§ Records to use

=====

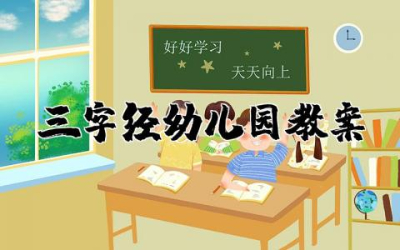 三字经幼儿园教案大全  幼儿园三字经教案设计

=====

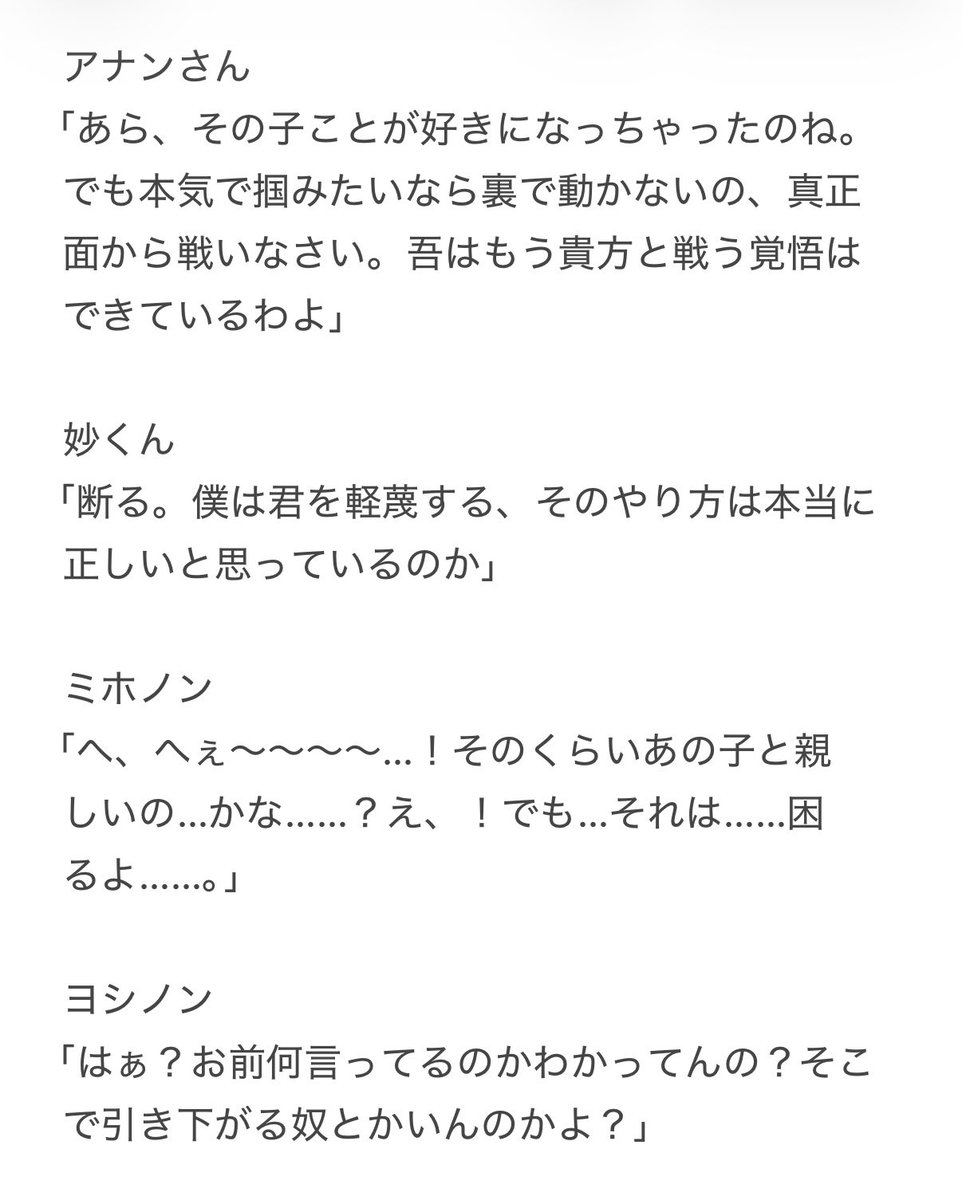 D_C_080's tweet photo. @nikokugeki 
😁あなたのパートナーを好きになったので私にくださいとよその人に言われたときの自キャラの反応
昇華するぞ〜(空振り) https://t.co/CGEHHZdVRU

=====

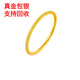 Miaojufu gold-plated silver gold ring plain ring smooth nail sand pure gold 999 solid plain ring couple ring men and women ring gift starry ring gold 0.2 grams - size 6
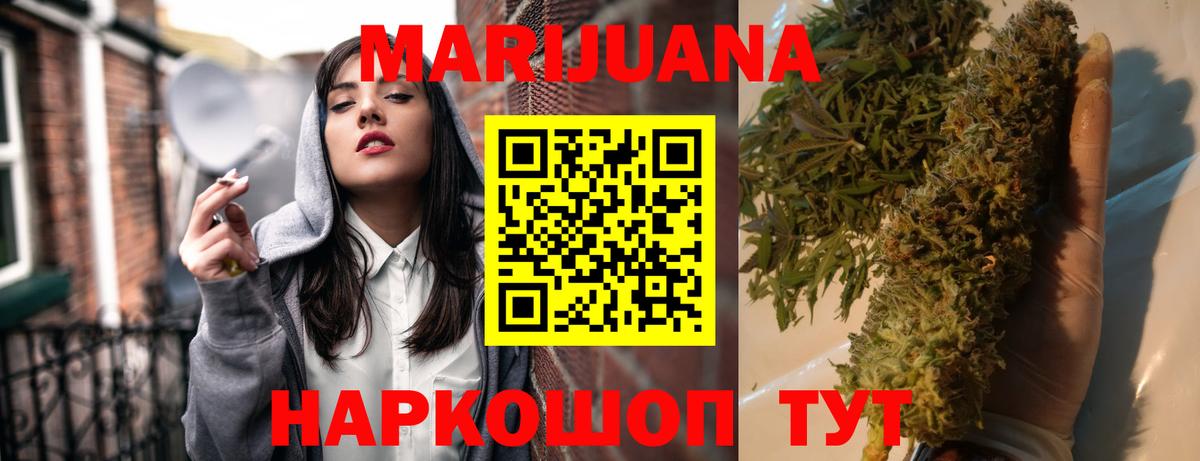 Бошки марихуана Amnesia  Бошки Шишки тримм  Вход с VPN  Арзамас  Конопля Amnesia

=====

Looking at the listing above, which lines run from the one containing "Miaojufu gold-plated silver" through the one containing "Бошки марихуана Amnesia"? Print exactly those, ends included, pictures excluded.

§ Answer below
 Miaojufu gold-plated silver gold ring plain ring smooth nail sand pure gold 999 solid plain ring couple ring men and women ring gift starry ring gold 0.2 grams - size 6
 Бошки марихуана Amnesia  Бошки Шишки тримм  Вход с VPN  Арзамас  Конопля Amnesia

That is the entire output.